We are still early in the course of this pandemic; while case rates seem to be dropping locally and nationally overall, it is still unclear if spikes of infection will occur as we ease out of more strict quarantine. Time will tell if people practicing infection control measures suffer less disease than those who take this less seriously. And of course, people who fail to take precautions still benefit from the collective behaviors of all the people that do. Life’s not fair that way. I won’t get into any arguments with people in public who aren’t covering their faces: I’ll simply back away from them and give them more than the suggested six feet of space. I don’t have the energy to try to be “right” about this. It’s gonna take all the energy just to be safe.

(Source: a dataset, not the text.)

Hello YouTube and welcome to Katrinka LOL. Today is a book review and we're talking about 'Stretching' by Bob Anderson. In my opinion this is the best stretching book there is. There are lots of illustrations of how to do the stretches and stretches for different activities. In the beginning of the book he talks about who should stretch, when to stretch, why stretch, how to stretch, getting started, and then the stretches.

Over the decades of the HIV/ AIDS crisis, we learned the concept of “safe sex,” taking certain measures to reduce the risk of contracting the virus and disease. I think we will soon be discussing the concept of a new “safe life,” one that is a more broad culture of infection control measures. This will help us not just with this pandemic, but frankly, the next one as well. We are all together on a learning curve for new way of life. Me and my staff are here for you in this new world; hopefully we all can adapt more successfully than this virus. Viruses change mindlessly; we can make mindful choices that put us ahead of it. I anticipate that we will resume our normal working hours effective June 1st to better meet your needs. I’ll reach out next week to explain the measures we have in place to keep all of us safe moving forward.
For now, stay safe and well; call if you need anything. Hugs.